Instead of trying to increase coverage of formal rehabilitative health services in these areas, we propose that existing health delivery structures in RLSs be strengthened to deliver a standardized, community-led program that is built around the prevention of MSK sequelae in CP. Recruiting primary caregivers to perform simple, cost-effective interventions in the child’s natural environment is pragmatic because it reduces access barriers (e.g., transport costs) and reliance on the availability of specialized rehabilitative services. Importantly, it is also in line with the concept of family-centered care.24 Supported by trained community health workers (CHWs) already based in RLSs who are, in turn, supported by rehabilitation therapists, caregivers would be empowered to take an active role in decision-making, setting functional goals, and delivering effective interventions. There is already an increasing recognition of the value of home-based intervention programs (HBIPs), even in HICs, where primary caregivers are coached by health professionals to implement essential parts of the therapy program.25,26 Community-based initiatives usually require the establishment of local support networks for implementation and/or sustainability.
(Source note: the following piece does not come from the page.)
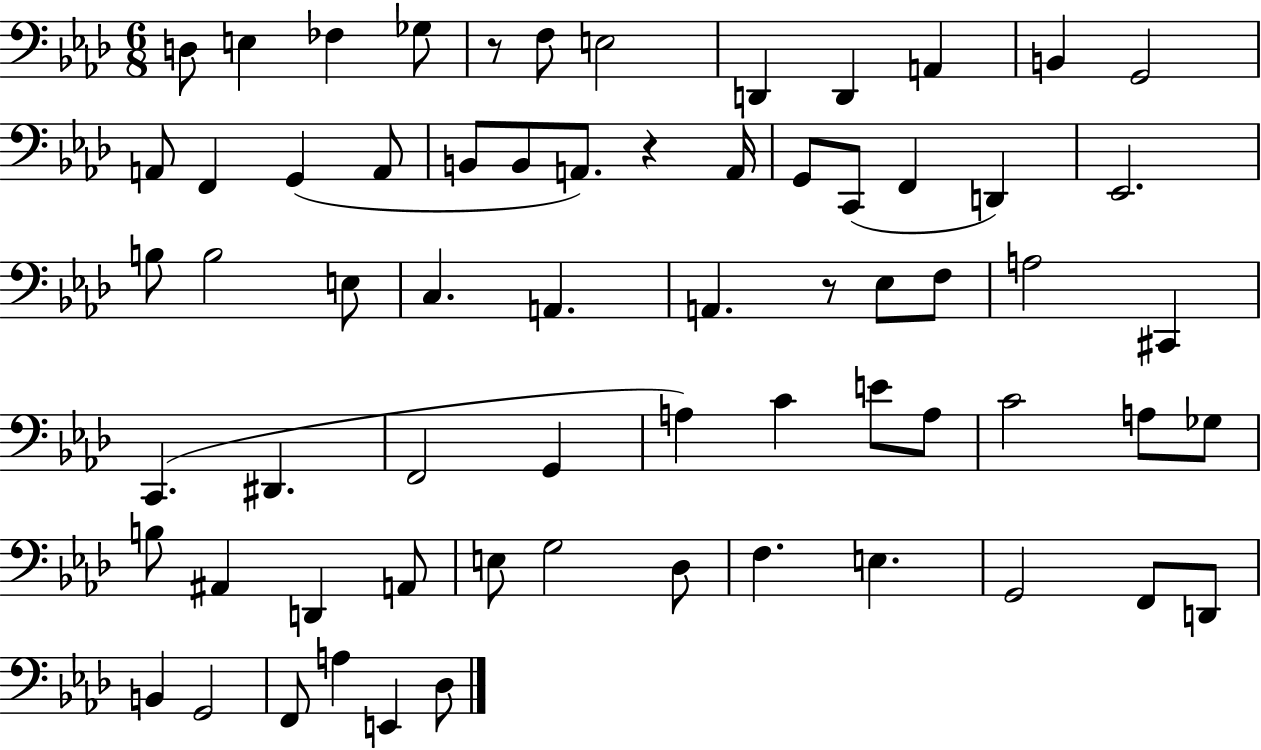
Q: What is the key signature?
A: AES major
These groups would benefit the families involved and help to increase knowledge of the condition and address cultural barriers, such as stigma, which are significant in African RLSs.27 This would increase the likelihood of acceptability and program adherence.

We propose that existing health delivery structures in RLSs be strengthened to deliver a standardized, community-led program that is built around the prevention of MSK sequelae in CP.

An example of a successful intervention that demonstrates this type of model is the study undertaken by Zuurmond et al. on the impact of an 11-month community-based caregiver training program on the quality of life of caregivers living in an RLS in Ghana.28 The study found significant improvements in caregiver knowledge and confidence in caring for their child, which included feeding practices, and caregivers reported that their children exhibited improvements in their physical and psychological health.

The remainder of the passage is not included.